The biggest reasons for their pride in being samurai descendants stem from praises of grace and discreetness, and such descriptions that Tsunenaga “had been trusted by people and attracted people,” all of which were left behind by those who came in contact with him in various parts of Europe.
People with the surname Japon also live in Coria del Rio’s neighboring towns and cities. Jose Japon Sevilla, 61, who lives in Seville, used to be a referee in Spanish soccer’s premier division. Because he was strict about foul play, he was popularly called the “samurai referee.”
Sevilla, as well as others who have carried the surname Japon, researched the life of Tsunenaga for decades.
He said, “I was fascinated by such a way of living led by Tsunenaga, who endured a sea voyage fraught with extreme difficulty, and returned to his lord, Date Masamune, solemnly, even though the trade negotiations failed.”
Affection felt everywhere in town
Tsunenaga’s delegation began its voyage in 1613 from a port in present-day Ishinomaki, Miyagi Prefecture, aboard the Sant Juan Bautista, a galleon built by the Sendai clan.

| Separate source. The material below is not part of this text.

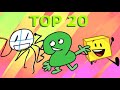 My Top 20 Favorite Object Show Intros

In an event held in 2013 to commemorate the 400th anniversary of diplomatic relations between Japan and Spain, the Emperor, then the crown prince, planted a cherry tree in Coria del Rio, and met with the local people, including those with the surname Japon.
In the following year, the embassy’s voyage sailing upstream on the Guadalquivir River was reenacted. Tsunetaka Hasekura, 74, a 13th-generation descendant of Tsunenaga from Sendai, took part in the reenactment, accompanied by the referee Sevilla, and landed at Coria del Rio. At the request of the local people, Tsunetaka narrated the story of Tsunenaga following his return to Japan as a Catholic.
Tsunenaga’s son, Tsuneyori, who succeeded as head of the Hasekura family, was decapitated in 1640 because he sheltered missionaries. And as his younger brother and servants were convicted as Catholics, the family’s privileges were abolished by the Sendai clan. Yet the clan later allowed a son of Tsuneyori to revive the Hasekura family.
Although Masamune had been dead since 1636, Tsunetaka reckons that “lying behind the revival of the family could be the fief’s consideration of Masamune’s remorse, in that he had given a lot of trouble to Tsunenaga, whom Masamune had put devout faith in.”
On a riverbank in Coria del Rio, a bronze statue of Tsunenaga stands. Katsuhiko Imae, 60, who has been working as a tourist guide based in Seville, said, “As there is a torii [archway of a Shinto shrine] and Japanese signs in a park, and Japanese signboards of stores, I can feel the affection toward Japan here and there in the town.”
This is a town where I hope many Japanese will visit when the coronavirus crisis is brought under control.